荒俣宏は、狸の腹鼓について、「善政を行う為政者の出現」を指す鼓腹撃壌と関連付けている。
東アジアで
タヌキは東アジアにいくつかの亜種が存在する。そのため、東アジアでもそこそこ親しまれている。
中国でタヌキは「狢」字で表され「狸」字は「ヤマネコ」を指し、昔はイエネコを「狸奴」と書いた。また「千年を経た狐が狢になる」とされ、他は日本と似たようなたぬ話が伝わっている。また、韓国の昔話でも、キツネとバトルをしたり、人を化かしたりする話がある。こちらは大体千年位を経て貫禄はある。
21世紀以降の韓国では、一応「重要文化財へうんこする」「狂犬病の媒介者」として疎まれるものの、まだ人気はある。さらに「タヌキ」を指す「ノグリ(ハングルで「너구리」)」が『ガーディアンズ・オブ・ギャラクシー』のロケット・ラクーンの呼称、『あらいぐまラスカル』の訳語(『小ダヌキラスカル』)など「アライグマの韓国語訳」として使われている。また『ぼのぼの』のアライグマくんはノグリをもじった「ノブリ」とされる。

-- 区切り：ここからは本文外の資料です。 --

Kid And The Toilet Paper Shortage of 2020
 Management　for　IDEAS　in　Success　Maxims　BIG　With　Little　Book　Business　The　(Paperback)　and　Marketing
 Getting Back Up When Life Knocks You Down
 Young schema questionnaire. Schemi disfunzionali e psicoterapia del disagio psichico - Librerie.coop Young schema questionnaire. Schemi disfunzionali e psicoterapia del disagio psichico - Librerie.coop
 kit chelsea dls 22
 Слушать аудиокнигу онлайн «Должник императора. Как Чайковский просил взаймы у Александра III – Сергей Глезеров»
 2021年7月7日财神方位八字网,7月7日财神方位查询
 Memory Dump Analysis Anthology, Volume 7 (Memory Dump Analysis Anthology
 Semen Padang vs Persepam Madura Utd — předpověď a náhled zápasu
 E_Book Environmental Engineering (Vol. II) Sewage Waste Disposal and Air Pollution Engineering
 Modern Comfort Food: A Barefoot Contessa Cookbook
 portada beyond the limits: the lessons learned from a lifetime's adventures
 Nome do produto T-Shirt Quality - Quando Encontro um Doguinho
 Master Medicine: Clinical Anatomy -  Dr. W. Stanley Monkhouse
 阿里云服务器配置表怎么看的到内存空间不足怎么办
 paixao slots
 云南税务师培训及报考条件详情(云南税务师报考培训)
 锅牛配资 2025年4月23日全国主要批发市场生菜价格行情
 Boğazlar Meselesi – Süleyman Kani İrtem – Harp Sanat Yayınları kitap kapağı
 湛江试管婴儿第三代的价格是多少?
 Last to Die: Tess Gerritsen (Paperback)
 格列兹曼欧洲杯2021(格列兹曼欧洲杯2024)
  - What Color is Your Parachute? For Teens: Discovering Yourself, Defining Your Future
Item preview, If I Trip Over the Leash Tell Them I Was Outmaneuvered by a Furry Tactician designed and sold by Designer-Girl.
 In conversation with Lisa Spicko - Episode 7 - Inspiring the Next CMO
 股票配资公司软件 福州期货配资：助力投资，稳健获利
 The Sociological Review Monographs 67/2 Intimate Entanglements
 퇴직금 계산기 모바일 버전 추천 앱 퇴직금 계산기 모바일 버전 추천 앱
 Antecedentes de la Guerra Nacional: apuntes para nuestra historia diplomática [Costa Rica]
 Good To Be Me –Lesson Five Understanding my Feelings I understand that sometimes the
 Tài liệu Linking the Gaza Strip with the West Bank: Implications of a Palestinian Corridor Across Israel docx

韓国での在日韓国人が作った会社「農心」の麵ノグリラーメンのキャラクター、とロッテの「ロッテワールド」のキャラクターが一応たぬきである(尻尾がしましまらしいけど、はい)
イラストとしての狸
イラストではヒトの容姿に狸様の耳と尻尾を付けたのみの高度に擬人化されたもの(いわゆるタヌキ耳)から写実的なものまでさまざま描かれる。
日本では身近な存在であり、pixivにおいても比較的投稿数の多い動物ではあるが、いわゆるライバルと位置づけられる狐に比べると投稿数で大きく水をあけられているのが実情である。
顔には目を縁取る黒い模様があるが、表情に影響するためか擬人化の際は省略されることも少なくないようである。
この他に狸の文化的イメージを特徴付けるものとして丸い耳、丸く膨らんだ尻尾(縞模様が描かれる場合が多くある)、ぽっこりしたお腹がある。また、腹鼓やその音(ポン、ポコ)は狸を象徴するものになっている。アイテムとして「葉っぱ」を用いる例も多く見られ、このことは狐のイラストにも共通する。
イラストとしてのタヌキ【その2】
タヌキのイメージとして上記に耳が丸い、尻尾の縞模様等の特徴があると表記したが
このタヌキのイメージは実際には間違ったイメージだったりする。
本来のタヌキの特徴としては
- 耳は丸型というよりも三角の形状で、先っぽが丸身を帯びている。クマのように丸過ぎず、犬猫や狐のように尖り過ぎない。
- 目の黒部分の中心は繋がっておらず、丁度分かれている。
- 手足が黒っぽい。
- 尻尾に縞模様は無い。(丸く膨らんでいるのは冬毛のせい)
- 別に太ってるわけではない(太って見えるのは冬毛のせい、夏は犬と見間違う程)
- オスのタヌキの「玉袋」は信楽焼のアレのようにそこまで大きくない。
ちなみに顔と尻尾の模様の間違ったイメージに該当する動物はタヌキとは別に存在しており
それはずばりアライグマである。(目の黒模様が繋がっており、尻尾に縞模様がある)
葉っぱ等は先人のイメージなので省くとしても、正しいタヌキをどうか忘れないでもらいたい。
タヌキの尻尾に縞模様は無いのだ。
タヌキの尻尾に縞模様は無いのだ。(大切な事なのでry
文化
言葉・熟語・ことわざ
歌
- 証城寺の狸囃子
- たんたんたぬき・・・実はこれ、「タバコ屋の娘」という歌の替え歌である。賛美歌の「まもなくかなたの」の替え歌であるという話は正確には間違い。
物
文学・落語・童謡
創作関連
「狸」がキャラクター化される時は、専ら不思議な能力を持ち拡張性の高い「化け狸・妖狸」として登場することが定番。そうした要素の無い動物キャラとしては、個性が乏しくなる為か殆ど存在しない。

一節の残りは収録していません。